Verl (NRW) – Głośna kłótnia doprowadziła do makabrycznego odkrycia. Śledczy w powiecie Gütersloh odkryli w weekend części ciała w zamrażarce. Podejrzanym jest polski robotnik Jerzy Józef D.
Przerażające odkrycie w jego mieszkaniu w Verl początkowo wzbudziło wiele pytań wśród funkcjonariuszy. Detektywi z wydziału zabójstw nie wiedzieli nawet, czy ofiara była mężczyzną czy kobietą.
W poniedziałek sekcja zwłok przyniosła pewność: był to 62-letni mężczyzna z Verl – zaginiony od 19 listopada 2023 roku! „Mężczyzna był prawdopodobnie znany oskarżonemu z lokalnych spotkań alkoholowych” – wyjaśnił rzecznik policji. Eksperci medycyny sądowej ustalili, że przyczyną śmierci były „urazy zadane tępym narzędziem”. Motyw zbrodni jest niejasny. „Podejrzany, który obecnie przebywa w areszcie, nie składa żadnych wyjaśnień w sprawie zarzutów” – dodano.
Podejrzany był uważany za agresywnego
Jerzy D. na ogół był uważany przez swoich sąsiadów za spokojnego i przyjaznego. Ale kiedy pił, stawał się agresywny. Murarz mieszkał samotnie w trzypiętrowym bloku przy Humboldtstraße od dwóch lat. Sąsiedzi rzadko go widywali.
Zwykle jeździł rowerem lub czekał bardzo wcześnie na rogu ulicy na minibus, który zabierał go na plac budowy z grupą robotników. Jeden ze świadków: „Pracował naprawdę dobrze.
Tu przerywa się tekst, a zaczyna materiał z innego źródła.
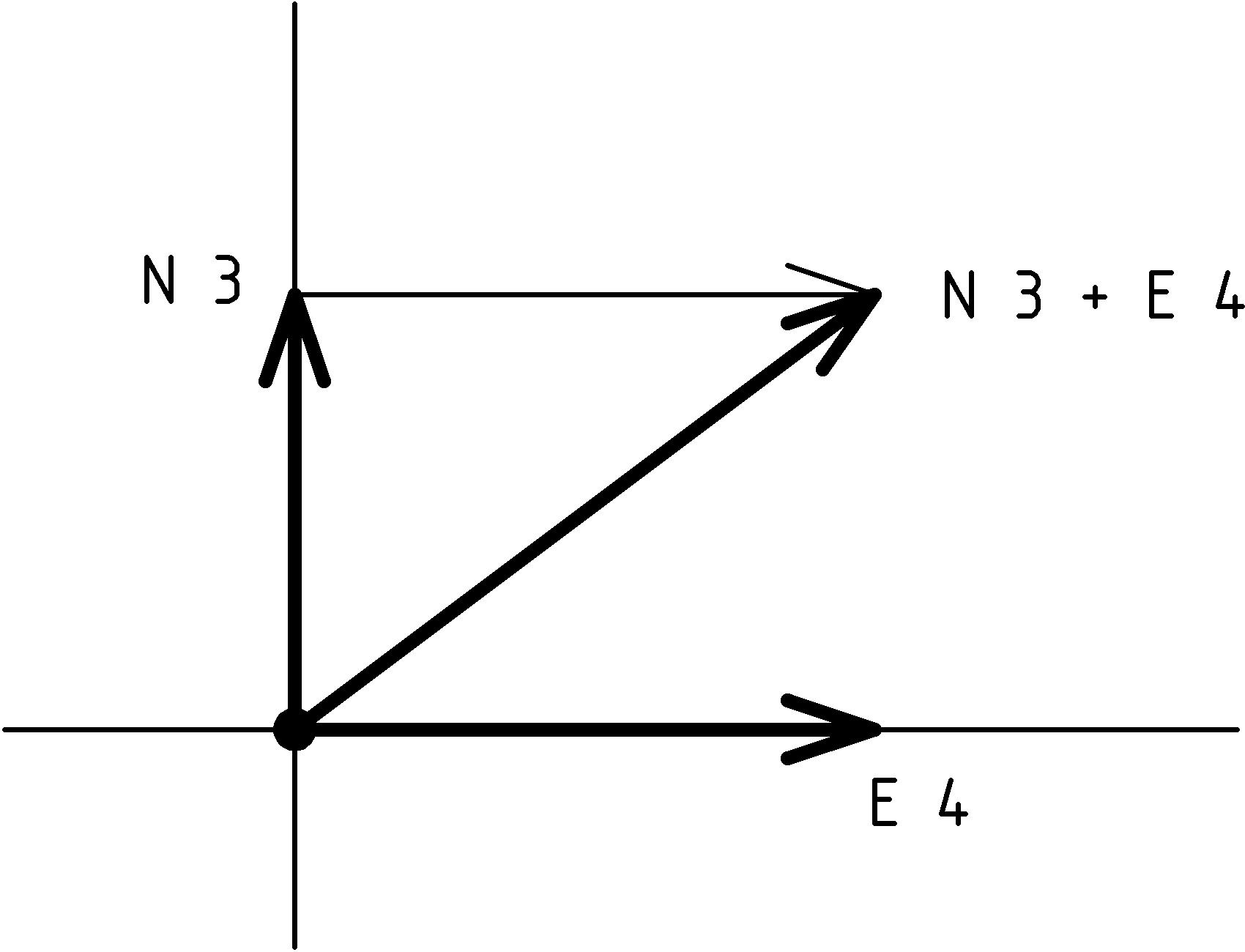 figure VxSum1.png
Ale trzeba było wiedzieć, jak z nim postępować”.
Podejrzany w trakcie kłótni oznajmił, że kogoś zabił
Świadkowie zaalarmowali policję w sobotę. Powód: słyszeli dwóch mężczyzn kłócących się na stacji kolejowej Verl. Jerzy D. powiedział, że kogoś zabił.
Funkcjonariusze policji aresztowali obu mężczyzn. Oprócz Jerzego Józefa D. na posterunek policji zabrano również 33-letniego Niemca z Verl. Od tego czasu został zwolniony.
Na podstawie zeznań Polaka prokuratura w Bielefeld zleciła przeszukanie jego mieszkania. Operacja policyjna trwała całą noc. Wtedy śledczy dokonali strasznego odkrycia w zamrażarce w mieszkaniu na ostatnim piętrze.